**Captioned web image data**
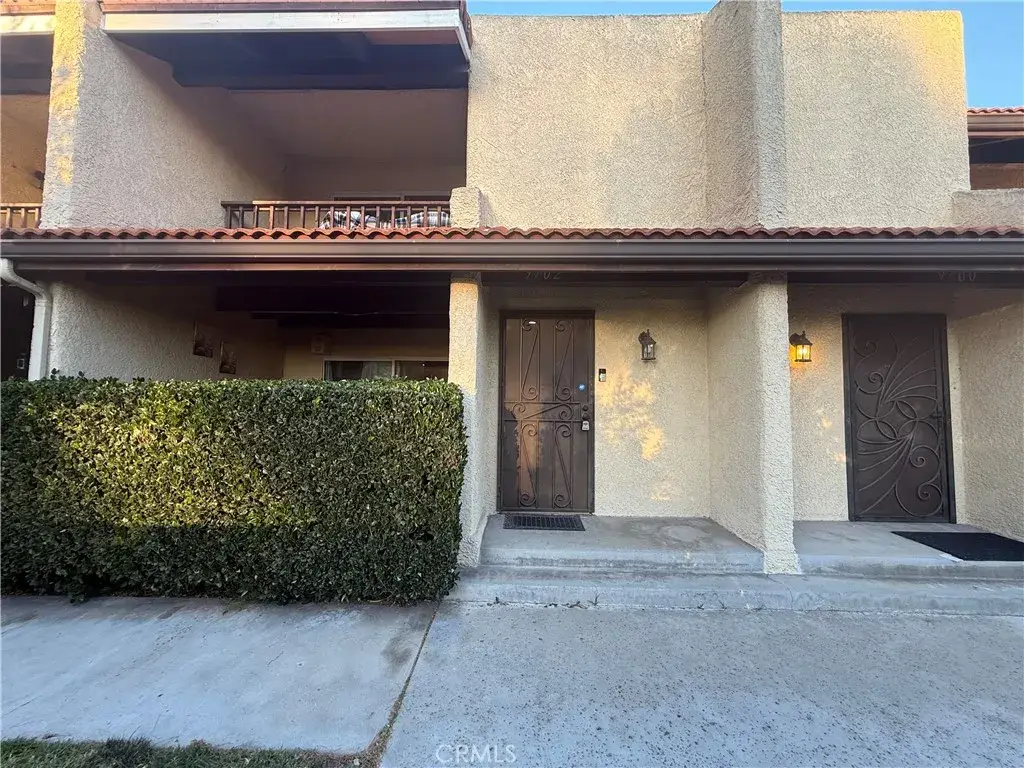 9702 Via Roma, Burbank, CA 91504 - #1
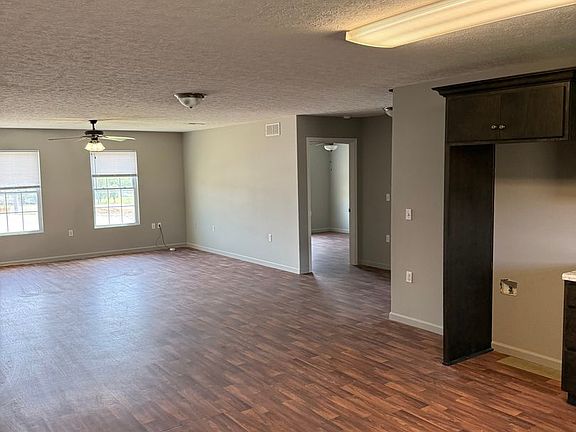 4th image of 110 Nancy Ln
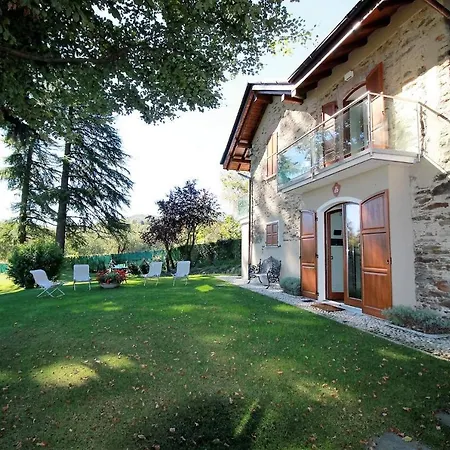 Alpino Immerso Nel Bosco 山林小屋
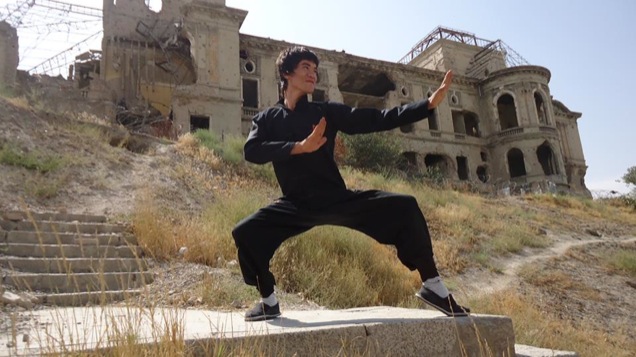 Damn, This Afghan Guy Looks Like Bruce Lee 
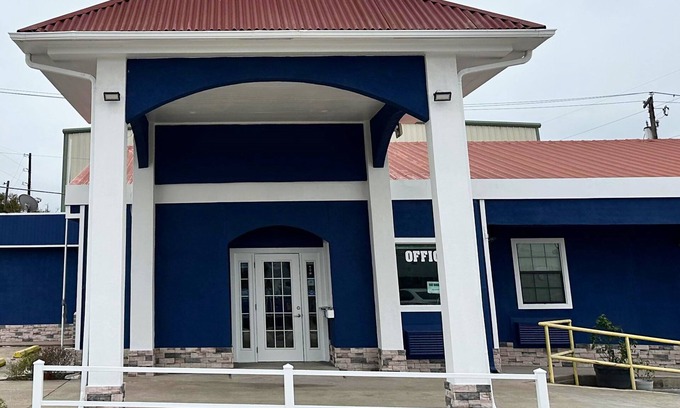 Fairfield Hotel | Apollo Lodge and RV Park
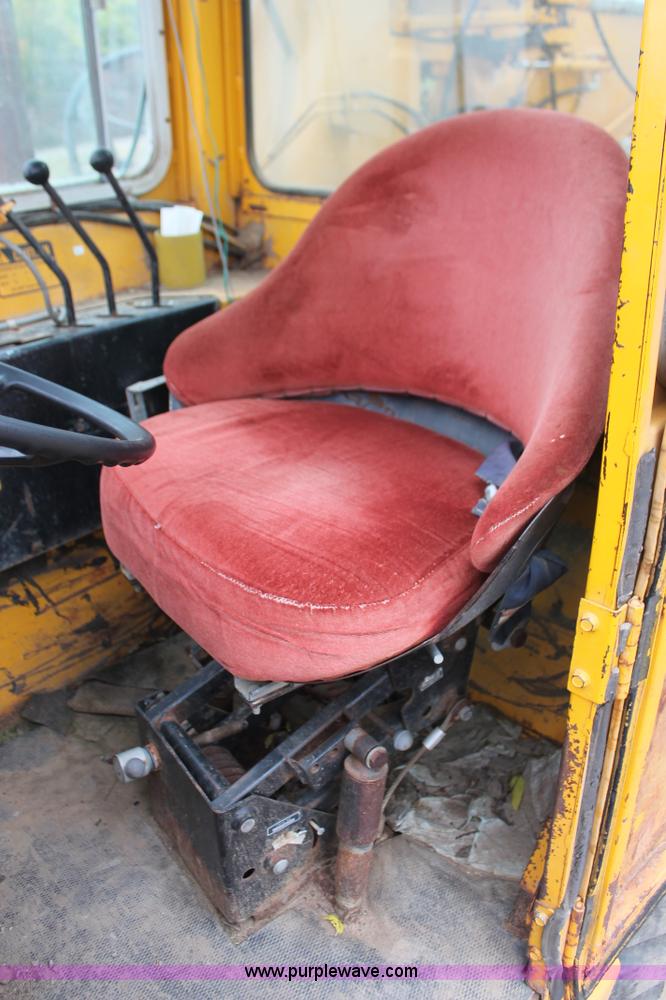 image for item H4190 1978 John Deere 762 elevating paddle scraper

**REQUIREMENT**
The data above should be restated exactly, with its images dropped.

**RESPONSE TO THIS EXERCISE**
 9702 Via Roma, Burbank, CA 91504 - #1
 4th image of 110 Nancy Ln
 Alpino Immerso Nel Bosco 山林小屋
 Damn, This Afghan Guy Looks Like Bruce Lee 
 Fairfield Hotel | Apollo Lodge and RV Park
 image for item H4190 1978 John Deere 762 elevating paddle scraper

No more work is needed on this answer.